Exercise aim:
Your answer must match, word for word, the lines from the one holding "SPRING - 2414619001" through the final line below, with pictures excluded.

Exercise inputs:
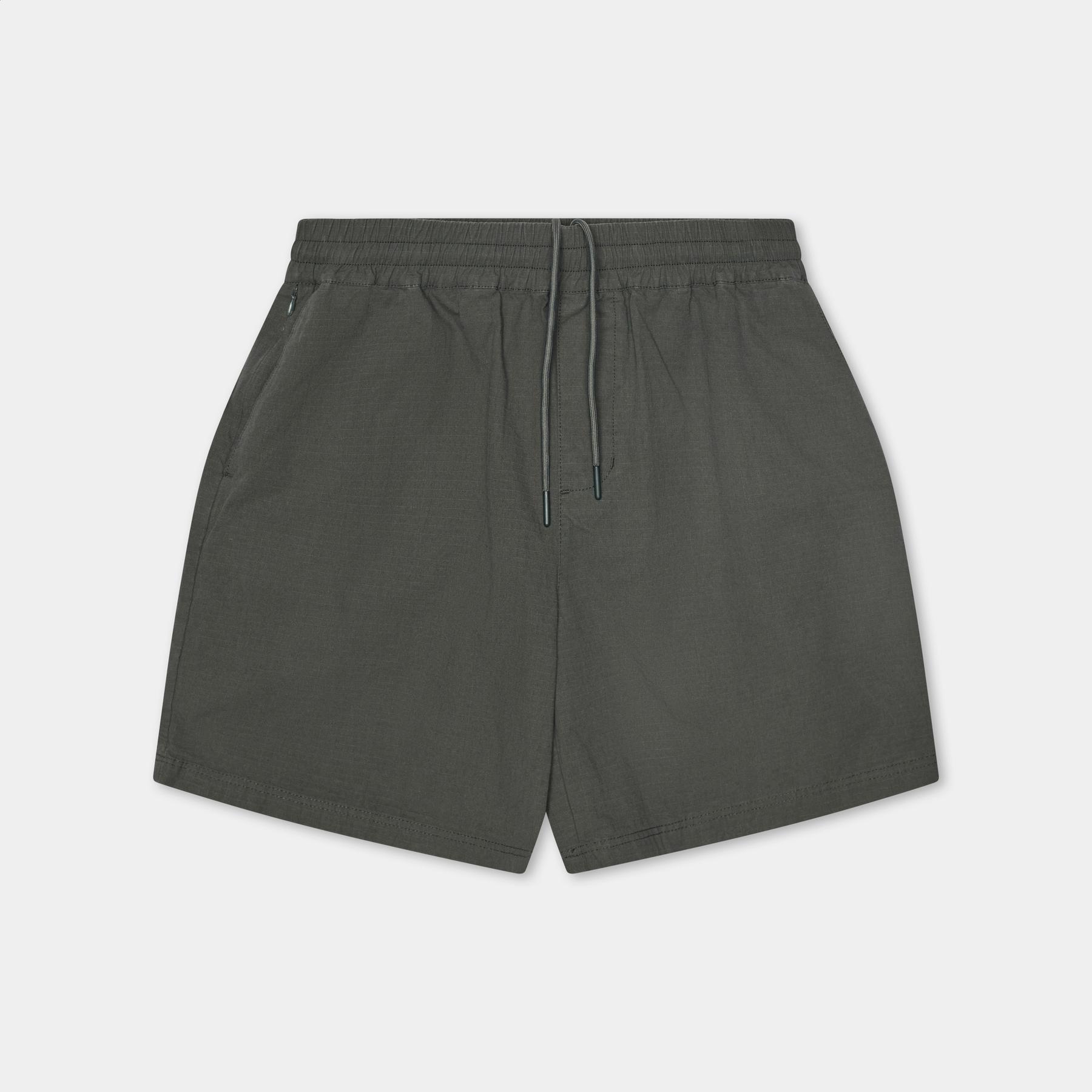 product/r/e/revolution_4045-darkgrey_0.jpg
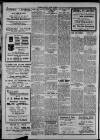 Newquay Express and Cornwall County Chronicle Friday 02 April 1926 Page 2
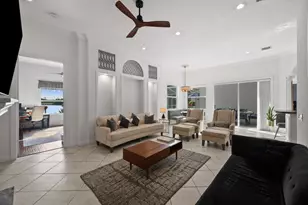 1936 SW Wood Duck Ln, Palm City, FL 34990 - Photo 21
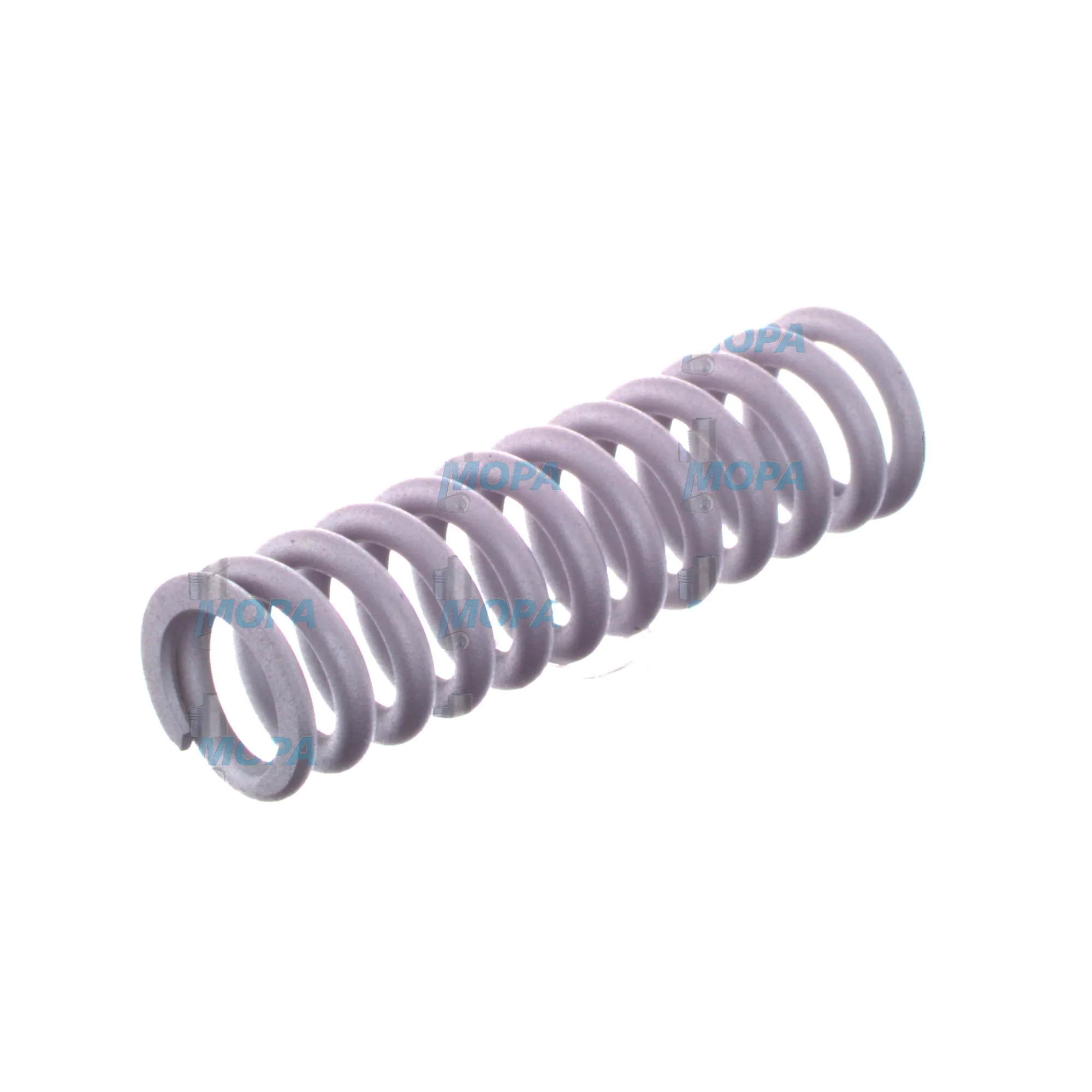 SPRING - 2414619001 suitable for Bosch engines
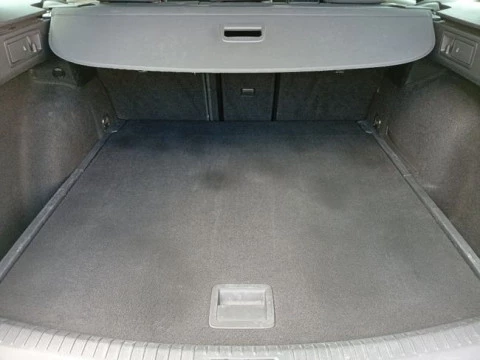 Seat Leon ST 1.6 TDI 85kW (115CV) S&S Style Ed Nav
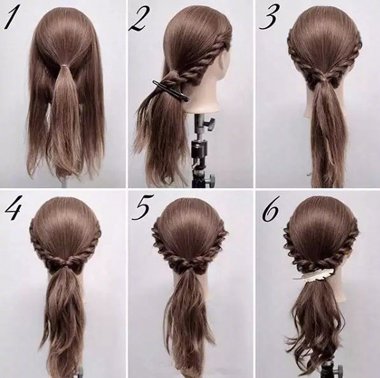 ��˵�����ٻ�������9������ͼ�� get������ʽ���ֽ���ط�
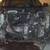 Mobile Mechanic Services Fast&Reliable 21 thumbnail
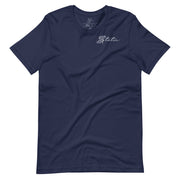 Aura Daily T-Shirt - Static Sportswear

Task answer:
 SPRING - 2414619001 suitable for Bosch engines
 Seat Leon ST 1.6 TDI 85kW (115CV) S&S Style Ed Nav
 ��˵�����ٻ�������9������ͼ�� get������ʽ���ֽ���ط�
 Mobile Mechanic Services Fast&Reliable 21 thumbnail
 Aura Daily T-Shirt - Static Sportswear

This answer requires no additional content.